In their political leanings, Shchukin and Morozov were in many ways part of the Russian intellectual avant-garde and, not surprisingly, didn't at first feel threatened by the 1917 February Revolution. But after the Bolshevik takeover in October, Morozov's palace was occupied by anarchists, followers of Prince Kropotkin who had returned to Russia in the wake of the Revolution, who made themselves thoroughly at home, drinking and gambling, 'surrounded by infatuated nymphs', but mercifully did not harm the pictures. The Red Army was eventually called in to evict the anarchists.

Lenin disliked modern painting, but was quick to recognise that these two collections were national assets. In 1918, they were officially confiscated - or 'nationalised' - in a decree signed by Lenin himself. The paintings were left in the palaces, re-named the 1st and 2nd Museums of Modern Western Art, and in a final irony Shchukin and Morozov were themselves appointed curators and guides. Now living with his grown-up children in the servants' quarters, Shchukin did his best to welcome busload after busload of unappreciative visitors sent by the Commission for Education and Enlightenment but, a few months later, both he and Morozov fled the country. Morozov settled in Germany where he died at the age of 50 in 1921. Shchukin became part of the white Russian emigre community in Paris and died in 1936.

And what happened to the paintings? In the early years, there was a stream of visitors to the two museums, and attempts were made to gain world recognition for the importance of the Russian collection. In the mid-1920s, the collections were even extended by purchases of more recent work, designed to show the further development of revolutionary art, and in 1927/28 the two collections were amalgamated and put under one roof. During the 1930s, however, some of the pictures were relocated - to the Leningrad Hermitage and to the Pushkin Fine Art Museum in Moscow and by the outbreak of war in 1939, the paintings had ceased to be identifiable collections. Moreover, most of them had come to be classified as degenerate. Their collectors' names were no longer mentioned.

The war provided an opportunity to pack the pictures into crates, where they remained for some years afterwards. In 1948 the Museum of Modern Western Art was abolished and the remaining paintings were divided between the Hermitage and the Pushkin - the decision as to what went where dependent not on art historical considerations but on the size of the pictures and the hanging space available. Morozov's and Shchukin's collections had the final vestiges of unity and coherence removed from them. Even then they were not put on view to the public but could only be seen by special appointment.
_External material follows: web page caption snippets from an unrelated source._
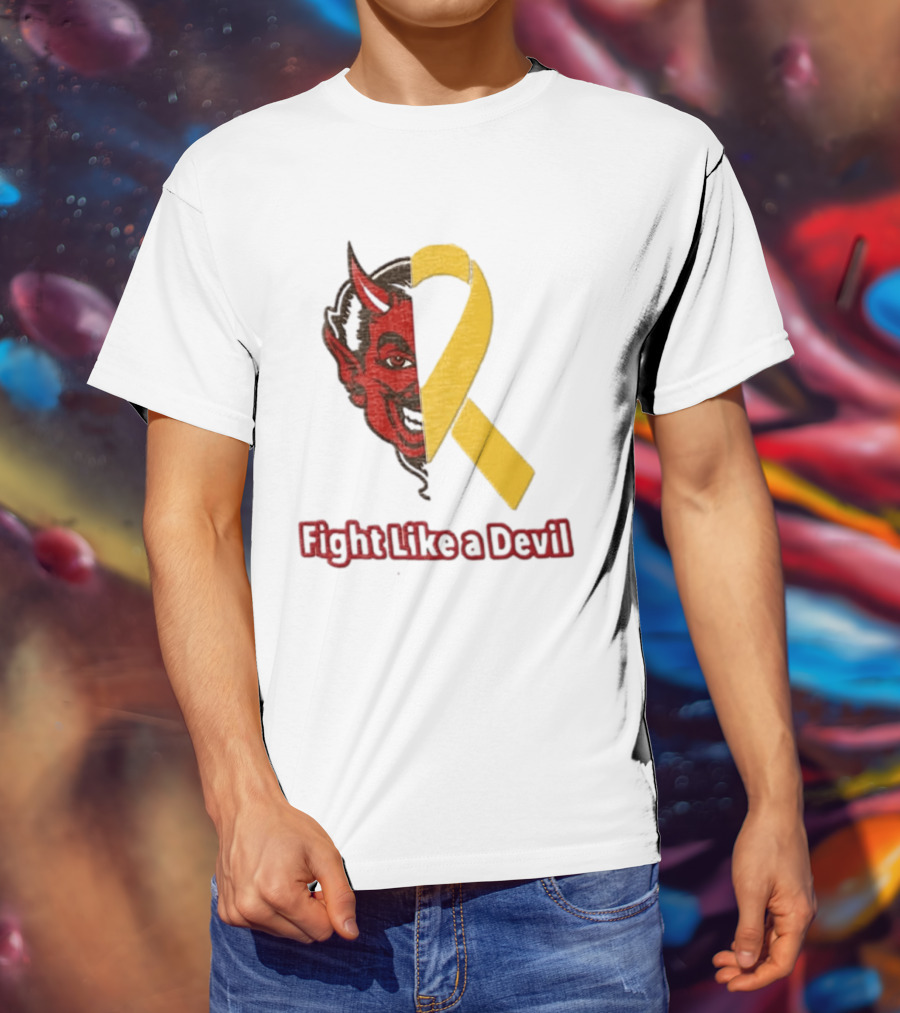 Fight Like A Devil EndChildhoodCancer Awareness Duke Blue Devils T-Shirt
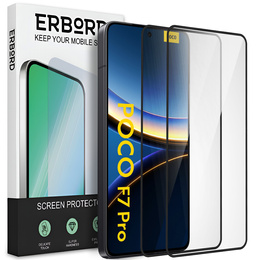 2x Szkło Hartowane do Xiaomi Poco F7 Pro, ERBORD 3D pełne, szybka na cały ekran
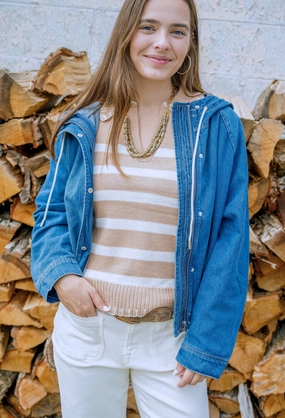 Double Buttons Microfiber texture Oversized Hooded Denim Jacket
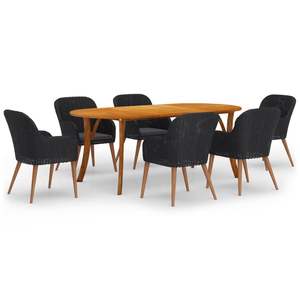 Juego de Comedor de Patio de 7 Piezas en Negro para Uso en Jardín - Product Image 2
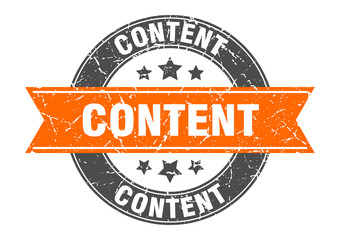content round stamp with orange ribbon. content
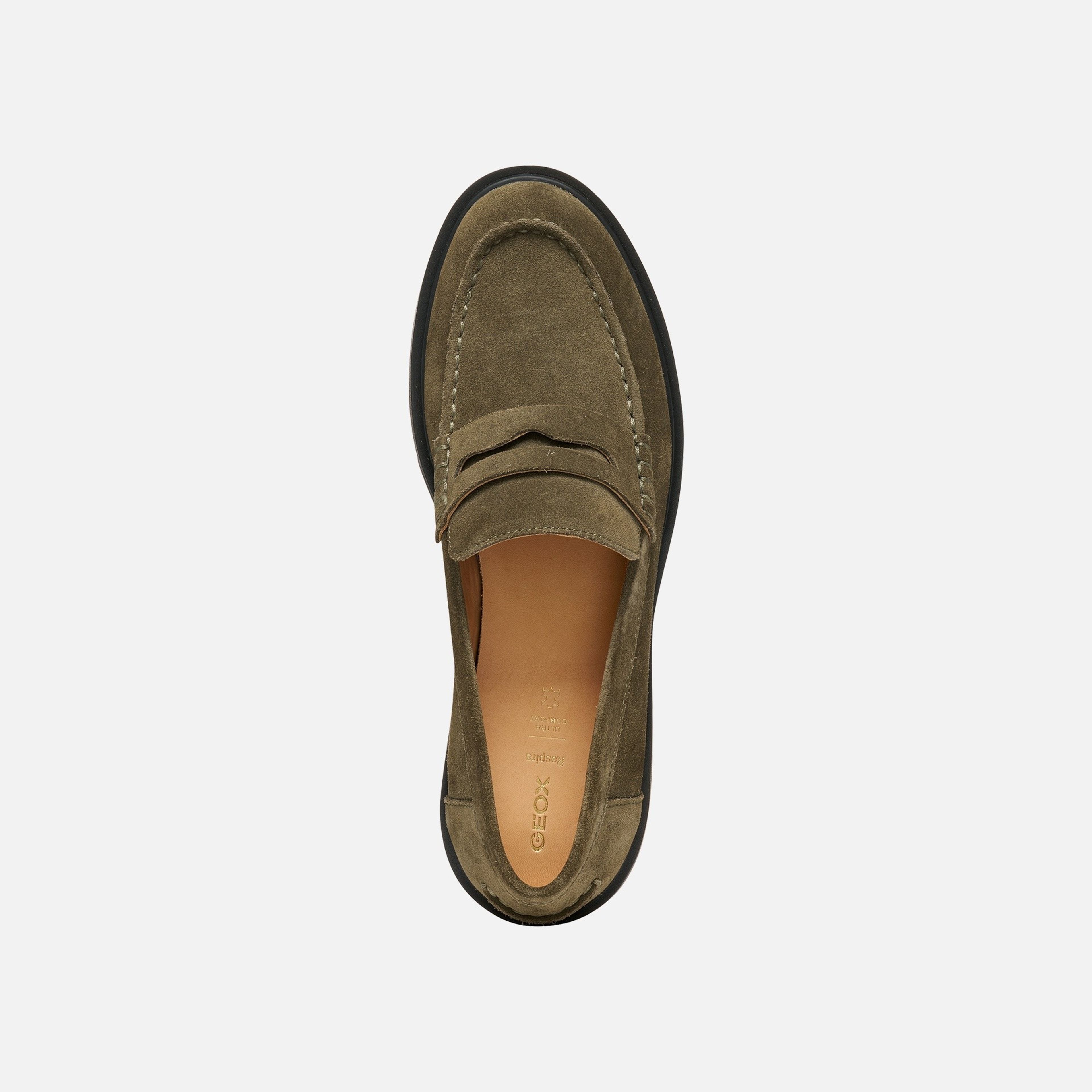 Khaki dámske mokasíny Geox Spherica Ec1 - 006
It was only after Stalin's death in 1953 that the pictures gradually began to reappear. But even now the paintings bear no creditation to their original owners. It would, of course, be untrue to say 'donated by . . .' and one cannot expect anyone to put 'expropriated from . . .' But 'from the collection of S Shchukin (or I Morozov)' would do something to restore credit to these two outstanding patrons of the arts.